Felix Doubront, BOS- It should be widely known that Doubront is a favorite of mine. I was high on Felix in the preseason. With a solid xFIP and K-rate, Doubront was high on my sleeper list. Now the numbers have not been great for Felix this season, although the xFIP, SIERA and K/9 were not terrible, until a clunker against Texas and a bad relief outing. The biggest issue has been the walks. Doubront has been all over the place, walking almost six batters per nine innings. This is a wild card stream for sure, but you can count on the Ks, especially against the White Sox. The White Sox have struggled to score runs, so while I can’t fully support this stream, I do think there is a 50-50 shot Doubront gets a quality start in the Windy City

Wandy Rodriguez and Francisco Liriano, PIT- I am lumping these two Pirate southpaws together. Both are similar this week in streaming. Both pitchers face the Cubs this week, at home. Liriano has looked sharp in his first two starts since returning from the disabled list. Sure they were against the Mets and Brewers who have not been world beaters at the plate, as both are towards the bottom of the league in runs scored in May. Wandy’s last two starts have been just as good, lacking the strikeouts, also against the Mets and Brewers. Now the Cubs have actually started to score a few runs here and there over the last couple of weeks, but nevertheless I would say roll the dice on both Bucs starters this week.

Jason Vargas, LAA- Jason Vargas is far from a flashy fantasy pitching option, to say the least, and the numbers pretty much back this statement up. Vargas is solid however. and I like him this week, because he is matched up against the Royals. The Royals are in the bottom third of the league in most offensively productive categories, so I think you may see one of Vargas’ best starts of 2013.

Scott Kazmir, CLE- There are still plenty of seats available on the Scott Kazmir bandwagon folks.

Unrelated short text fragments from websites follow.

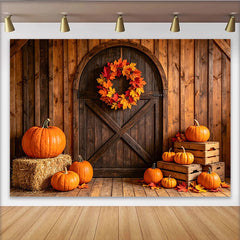 Lofaris Toile de fond d'automne rustique avec citrouilles et feuilles, magnifique arrière-plan en bois pour photographie de récolte
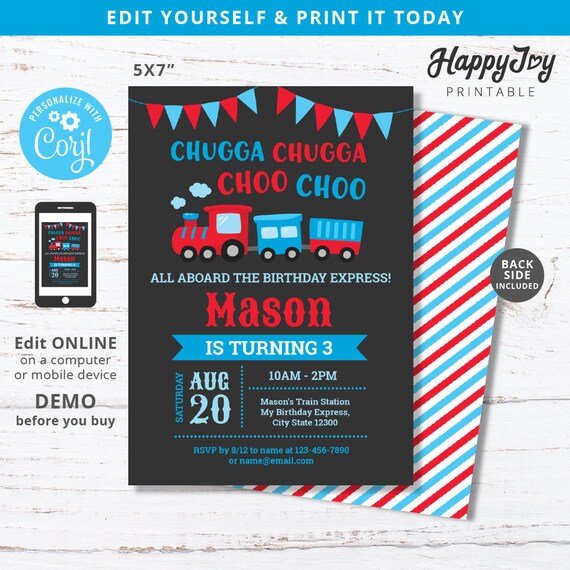 Chugga Choo Choo Invitation, Train Boys Transport Birthday Invite, Dark Background, Editable Template INSTANT Access, Self Edit with Corjl Il_570xn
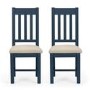Pair of Dark Blue Dining Chairs with Fabric Seat - Julian Bowen Richmond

Sure Kaz was roughed up by the Phils in his last outing, but most of his starts have been excellent. Kazmir’s velocity has been good as has K-rate and he has two starts this week. The first one is a no-brainer start for Kazmir as he faces the punchless Mariners, but the second start is against the BoSox and this one is iffy. I would take the first start against the Ms and hold off against the start against Boston.

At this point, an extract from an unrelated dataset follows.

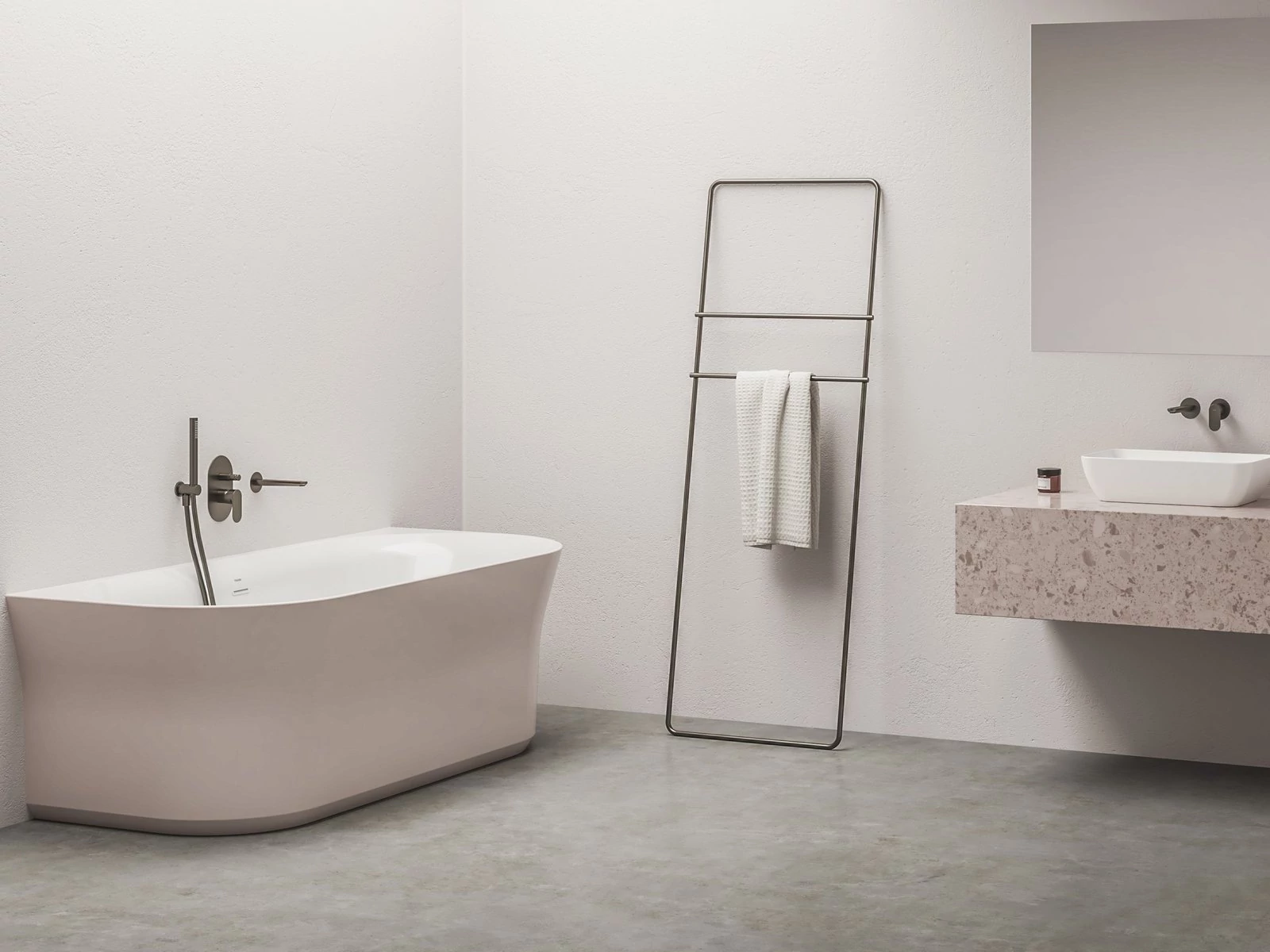 RAVAK Ypsilon Wall 178x86, akrilkád, Alabaster Pink/fehér, szabadonálló, túlfolyó és lefolyó: fehér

Andrew Cashner, SD- The K-rate is lower than I would expect from Cash-money thus far, but the ERA has been solid. Cashner’s xFIP, SIERA and strand rate point to bit of an ERA regression, AC heads out to the desert this week to face the D-backs. This match up is tough to gauge for Cashner, but I think, if I had to, I would say roll the dice on this one.

Hector Santiago, CWS- Santiago has been up and down as a starter in 2013. The up? 12.1 innings pitched against the Mets and Twins, allowing one earned run, striking out 14. The down? 3.1 innings pitched against the Angels on Saturday, in which he allowed four earned runs. Ups, downs, what have yous, bottom line is Santiago starts against the Marlins this week and frankly that is really probably all I had to say because the Marlins offense is not even close to good right now.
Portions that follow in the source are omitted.